#### SOURCE DATA
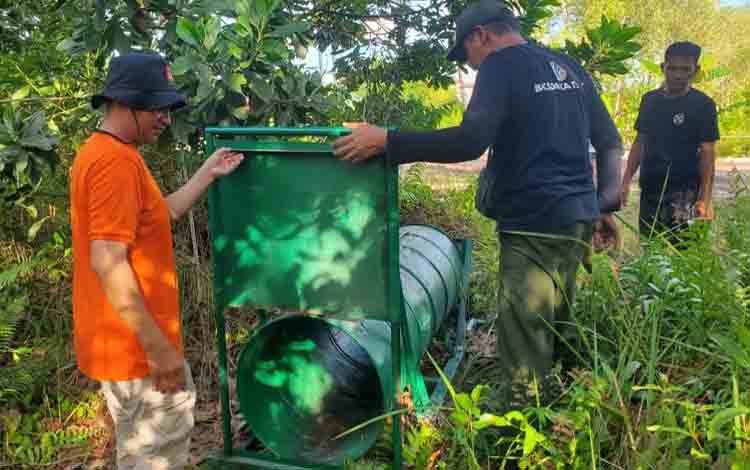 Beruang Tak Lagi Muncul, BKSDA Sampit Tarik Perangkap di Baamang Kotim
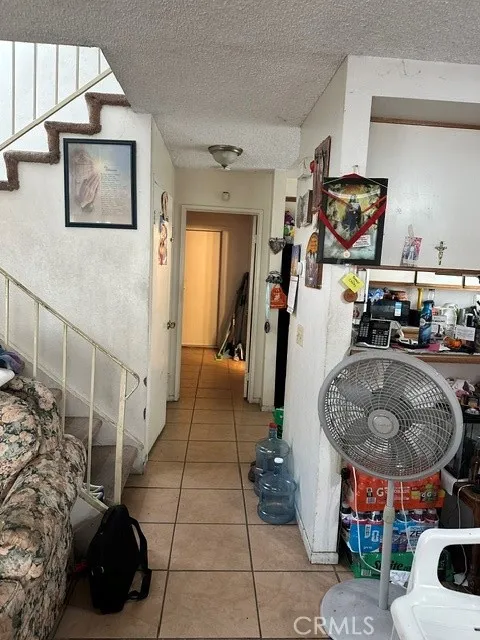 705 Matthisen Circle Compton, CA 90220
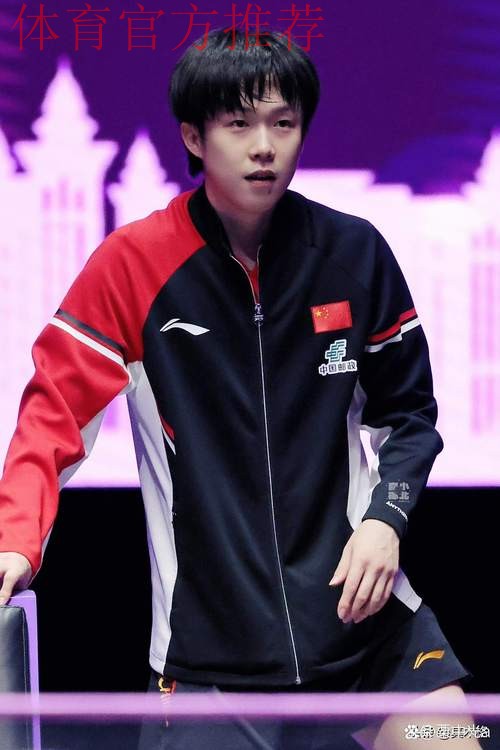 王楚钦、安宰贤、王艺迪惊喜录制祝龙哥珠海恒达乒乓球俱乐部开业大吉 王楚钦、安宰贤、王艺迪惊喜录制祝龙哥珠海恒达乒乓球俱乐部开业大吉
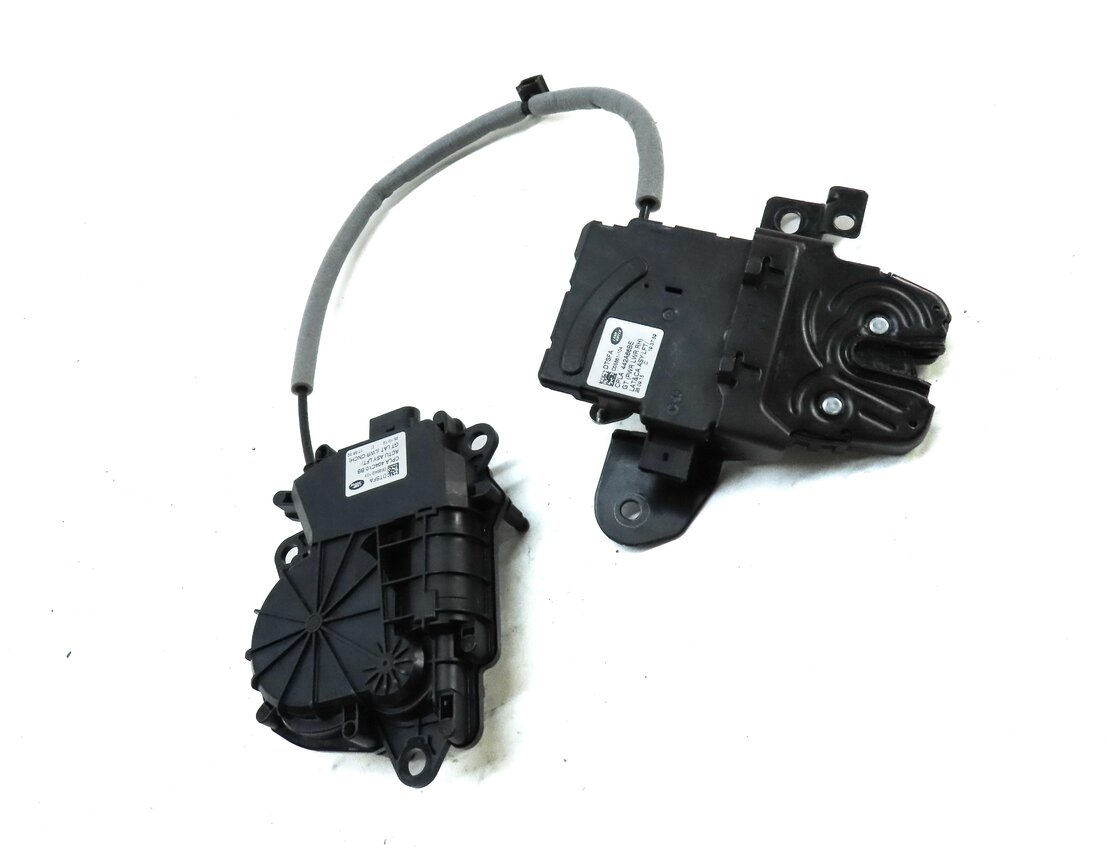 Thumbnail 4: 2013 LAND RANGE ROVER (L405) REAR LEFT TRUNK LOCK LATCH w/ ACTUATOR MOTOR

#### WORK TO COMPLETE
Except for the pictures, copy the material above exactly.

#### ANSWER TO THIS TASK
 Beruang Tak Lagi Muncul, BKSDA Sampit Tarik Perangkap di Baamang Kotim
 705 Matthisen Circle Compton, CA 90220
 王楚钦、安宰贤、王艺迪惊喜录制祝龙哥珠海恒达乒乓球俱乐部开业大吉 王楚钦、安宰贤、王艺迪惊喜录制祝龙哥珠海恒达乒乓球俱乐部开业大吉
 Thumbnail 4: 2013 LAND RANGE ROVER (L405) REAR LEFT TRUNK LOCK LATCH w/ ACTUATOR MOTOR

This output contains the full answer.